De la demi-heure qui a suivi l’attaque contre son imprimerie de Kharkiv, Tatiana Gryniuk ne souvient que de bribes, de «flashs» et de ce que lui ont raconté plus tard ses employés. Elle sait qu’à l’instant où le premier missile a explosé, juste après 10 heures le 23 mai, elle était au premier étage et qu’elle s’est jetée par terre. «Après, je suis restée allongée plusieurs minutes, jusqu’au quatrième et dernier missile. Mais ensuite, c’est flou. Des ouvriers m’ont dit que j’avais couru en bas, là où sont les machines. D’autres que je hurlais dans les couloirs des bureaux de se mettre à l’abri.» Lorsqu’elle est descendue dans la salle de production, elle a vu des flammes, de la fumée et des pompiers qui se frayaient un chemin à travers les gravats. Puis des corps. Les blessés les plus graves qu’elle a aidés à sortir sur des transpalettes. Et les morts, que les autorités lui ont demandé plus tard d’identifier. «Seuls deux étaient reconnaissables.
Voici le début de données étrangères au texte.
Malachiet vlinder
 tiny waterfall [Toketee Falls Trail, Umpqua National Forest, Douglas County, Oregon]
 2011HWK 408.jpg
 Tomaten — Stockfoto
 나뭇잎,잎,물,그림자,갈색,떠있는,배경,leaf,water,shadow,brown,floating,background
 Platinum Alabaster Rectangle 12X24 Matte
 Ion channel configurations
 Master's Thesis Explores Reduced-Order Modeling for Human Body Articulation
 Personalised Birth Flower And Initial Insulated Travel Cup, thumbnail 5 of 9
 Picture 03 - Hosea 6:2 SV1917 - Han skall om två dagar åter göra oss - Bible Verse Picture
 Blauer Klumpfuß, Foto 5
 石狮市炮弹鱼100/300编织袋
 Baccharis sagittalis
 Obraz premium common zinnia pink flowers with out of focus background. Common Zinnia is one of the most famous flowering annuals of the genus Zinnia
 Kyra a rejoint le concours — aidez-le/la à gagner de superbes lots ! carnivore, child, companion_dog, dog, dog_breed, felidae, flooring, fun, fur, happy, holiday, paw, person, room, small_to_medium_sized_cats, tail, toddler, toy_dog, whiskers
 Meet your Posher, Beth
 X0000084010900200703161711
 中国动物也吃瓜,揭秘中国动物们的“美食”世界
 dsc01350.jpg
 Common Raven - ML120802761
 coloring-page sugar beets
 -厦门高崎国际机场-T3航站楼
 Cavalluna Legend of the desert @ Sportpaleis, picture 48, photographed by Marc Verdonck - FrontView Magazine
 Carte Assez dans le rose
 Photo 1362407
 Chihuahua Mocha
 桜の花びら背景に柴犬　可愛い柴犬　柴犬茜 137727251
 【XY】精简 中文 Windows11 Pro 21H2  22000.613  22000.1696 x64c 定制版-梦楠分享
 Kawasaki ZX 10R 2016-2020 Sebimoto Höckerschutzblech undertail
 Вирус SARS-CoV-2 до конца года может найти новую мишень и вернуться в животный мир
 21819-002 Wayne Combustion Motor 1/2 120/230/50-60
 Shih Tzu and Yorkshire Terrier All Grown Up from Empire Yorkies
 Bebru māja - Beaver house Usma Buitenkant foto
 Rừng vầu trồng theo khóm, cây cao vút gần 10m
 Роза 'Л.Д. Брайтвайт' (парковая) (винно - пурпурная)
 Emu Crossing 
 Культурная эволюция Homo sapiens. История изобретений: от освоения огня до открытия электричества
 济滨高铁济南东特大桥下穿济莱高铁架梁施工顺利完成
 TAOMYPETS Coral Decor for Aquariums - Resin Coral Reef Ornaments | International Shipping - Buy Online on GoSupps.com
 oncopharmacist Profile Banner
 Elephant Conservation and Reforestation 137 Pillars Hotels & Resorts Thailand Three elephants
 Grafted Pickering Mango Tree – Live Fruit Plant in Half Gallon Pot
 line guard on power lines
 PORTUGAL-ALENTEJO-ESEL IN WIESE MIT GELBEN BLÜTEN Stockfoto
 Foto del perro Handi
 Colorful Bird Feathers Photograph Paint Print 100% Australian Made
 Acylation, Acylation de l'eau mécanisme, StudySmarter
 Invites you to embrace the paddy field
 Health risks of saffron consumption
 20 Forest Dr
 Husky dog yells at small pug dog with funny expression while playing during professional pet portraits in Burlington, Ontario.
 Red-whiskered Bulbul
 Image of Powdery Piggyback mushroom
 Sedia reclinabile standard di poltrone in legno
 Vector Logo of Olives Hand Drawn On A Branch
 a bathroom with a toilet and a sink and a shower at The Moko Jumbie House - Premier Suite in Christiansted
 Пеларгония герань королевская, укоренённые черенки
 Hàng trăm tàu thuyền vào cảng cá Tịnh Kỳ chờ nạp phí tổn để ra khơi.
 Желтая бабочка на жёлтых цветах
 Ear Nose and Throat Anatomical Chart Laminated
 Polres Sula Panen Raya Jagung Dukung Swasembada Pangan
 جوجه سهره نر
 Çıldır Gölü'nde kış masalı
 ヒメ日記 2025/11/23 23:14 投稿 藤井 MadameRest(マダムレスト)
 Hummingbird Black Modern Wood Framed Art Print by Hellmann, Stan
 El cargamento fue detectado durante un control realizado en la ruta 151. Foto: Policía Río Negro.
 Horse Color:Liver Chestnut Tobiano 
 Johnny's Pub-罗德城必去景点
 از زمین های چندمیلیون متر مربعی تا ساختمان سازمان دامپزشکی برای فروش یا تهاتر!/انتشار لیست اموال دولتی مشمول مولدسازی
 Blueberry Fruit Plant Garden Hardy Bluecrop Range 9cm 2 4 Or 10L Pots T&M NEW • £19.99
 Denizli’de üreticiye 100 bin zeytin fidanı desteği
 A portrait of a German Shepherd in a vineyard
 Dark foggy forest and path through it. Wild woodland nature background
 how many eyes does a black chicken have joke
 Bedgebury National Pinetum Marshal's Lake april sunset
Les cinq autres étaient carbonisés, il n’y avait plus que des bouts de leur corps, le reste était de la cendre.» Les portraits des sept employés, cinq femmes et deux hommes, sont désormais affichés dans le hall de l’imprimerie Factor-Druk, la plus grande d’Ukraine.
Reportage
Tatiana Gryniuk la fait visiter, le pas pressé.